Materialwissenschaftler und Materialwissenschaftlerinnen sind Fachleute für die Entwicklung neuer Werkstoffe. Sie arbeiten dafür häufig für die Industrie, für private Dienstleistungsbetriebe oder in der Forschung.

Tätigkeitsfelder

Materialwissenschaftlerinnen und Materialwissenschaftler sind für Grundlagenforschung prädestiniert und entwickeln nicht nur an Hochschulen sondern auch in Labors der Industrie neue Materialien. Ihre Tätigkeitsfelder sind oft interdisziplinär ausgerichtet  und sie arbeiten häufig eng mit Konstrukteur/innen oder Maschinen- und Verfahrensingenieur/innen zusammen.

Industrie

Viele Materialwissenschaftler/innen arbeiten in Forschungslabors und Entwicklungsabteilungen von Industriebetrieben unterschiedlichster Branchen, darunter  Medizintechnik, Elektrotechnik, Metallverarbeitung oder Fahrzeugbau.

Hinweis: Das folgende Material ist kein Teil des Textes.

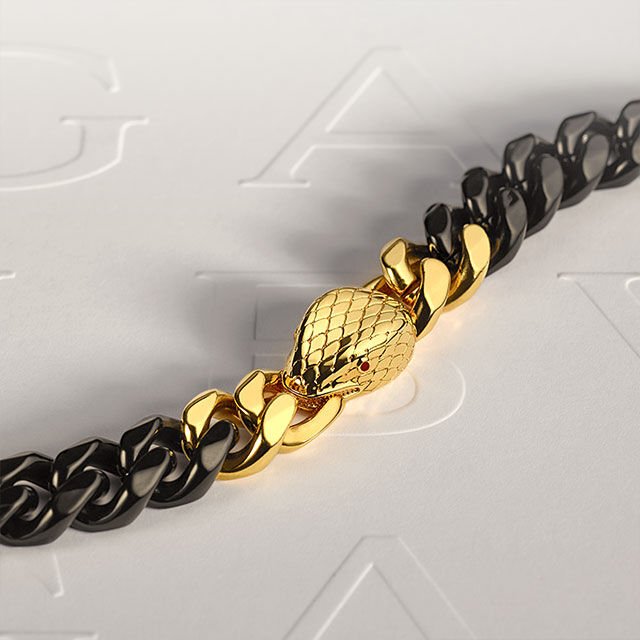 bracelet bulgari cuir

Zu ihren Hauptaufgaben gehören die Entwicklung und Verbesserung von Werkstoffen oder die Werkstoffauswahl für die Herstellung von Maschinen oder Geräten des alltäglichen Gebrauchs. Dafür besetzen sie Schlüsselstellen zwischen Entwicklung und Konstruktion.

Private Dienstleistungen

Viele weitere Absolventinnen und Absolventen der Materialwissenschaft bieten ihre Forschungs- und Entwicklungs-Expertise auch als Selbstständige oder Mitarbeitende von Ingenieurbüros an. Stellen finden sie zudem manchmal auch in Handelsbetrieben, Informatikdiensten sowie Unternehmens- und Personalberatungen.

Hochschule

Materialwissenschaftlerinnen und Materialwissenschaftler sind zudem häufig forschend tätig. Dies zeigt auch der im Vergleich zu den klassischen Ingenieurrichtungen hohe Anteil an Doktorierenden. Viele  nutzen die Doktorarbeit, um sich nach dem sehr breit angelegten Studium auf ein bestimmtes Gebiet zu spezialisieren.

Weitere Tätigkeitsfelder

Aufgrund der grossen Anzahl an verfügbaren Werkstoffen ist es eine Herausforderung, in einer konkreten Situation den Passenden zu finden. Deshalb befassen sich Fachleute mit einem Abschluss in Materialwissenschaft auch mit bei der Ausarbeitung und Registrierung von Werkstoffpatenten und den entsprechenden datentechnischen und rechtlichen Fragen. Dafür können sie auch in Rechtsdiensten oder anderen spezialisierten Organisationen arbeiten.